How long does it take for aquifer recharge or aquifer discharge processes to reach steady state?

Abstract

• Mathematical model of aquifer recharge and discharge is analyzed. • Timescale required to effectively reach steady state is considered. • Mean action time used to show how timescale depends on model parameters. • Theoretical timescales compare well with new laboratory measurements. Groundwater flow models are usually characterized as being either transient flow models or steady state flow models. Given that steady state groundwater flow conditions arise as a long time asymptotic limit of a particular transient response, it is natural for us to seek a finite estimate of the amount of time required for a particular transient flow problem to effectively reach steady state. Here, we introduce the concept of mean action time (MAT) to address a fundamental question: how long does it take for a groundwater recharge process or discharge processes to effectively reach steady state?
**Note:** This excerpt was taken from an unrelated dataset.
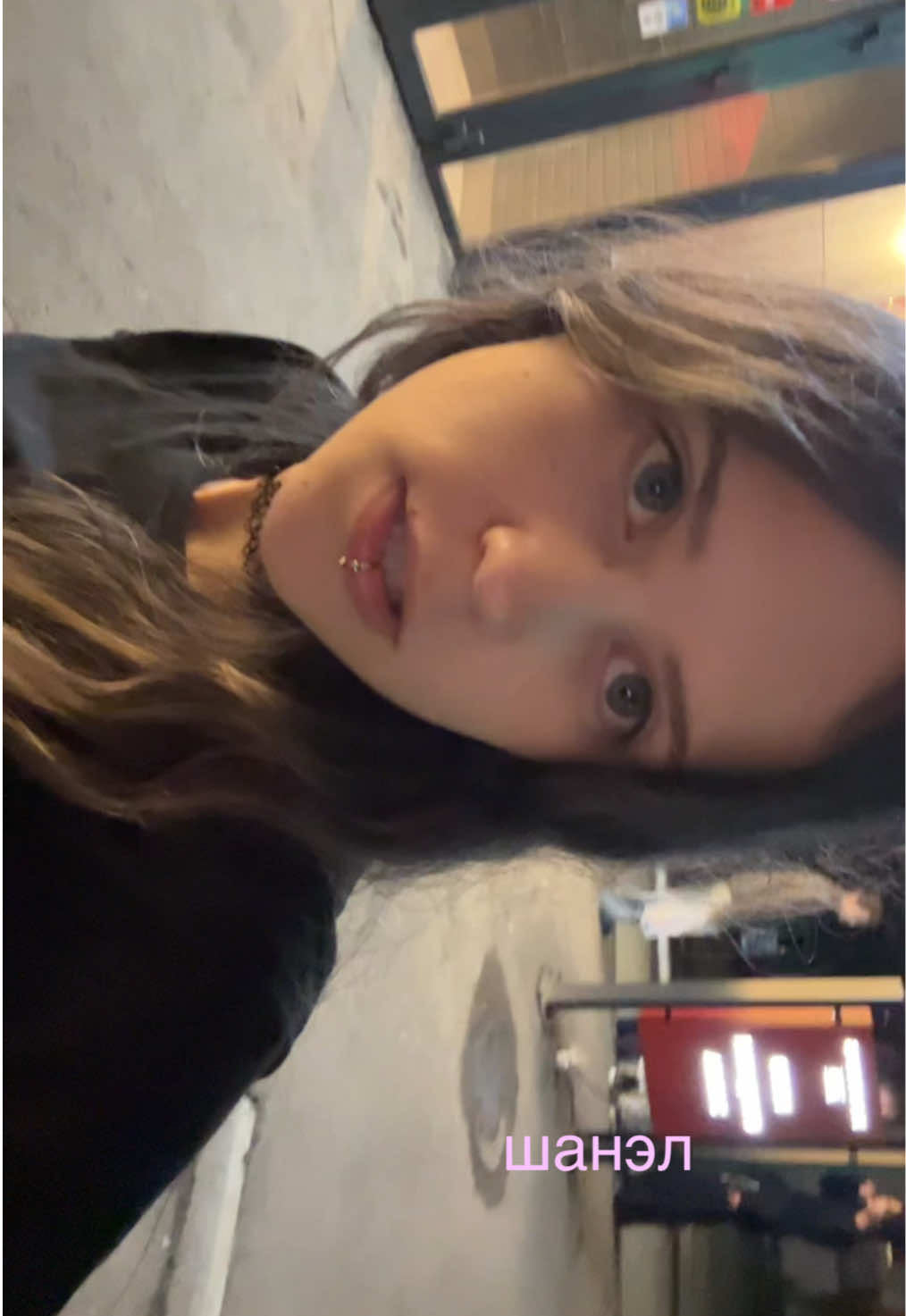 @влэди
This concept relies on identifying a cumulative distribution function, F ( t ; x ), which varies from F (0; x ) = 0 to F ( t ; x ) → 1 − as t → ∞, thereby providing us with a measurement of the progress of the system towards steady state. The MAT corresponds to the mean of the associated probability density function f ( t ; x ) = d F /d t , and we demonstrate that this framework provides useful analytical insight by explicitly showing how the MAT depends on the parameters in the model and the geometry of the problem. Additional theoretical results relating to the variance of f ( t ; x ), known as the variance of action time (VAT), are also presented. To test our theoretical predictions we include measurements from a laboratory-scale experiment describing flow through a homogeneous porous medium. The laboratory data confirms that the theoretical MAT predictions are in good agreement with measurements from the physical model.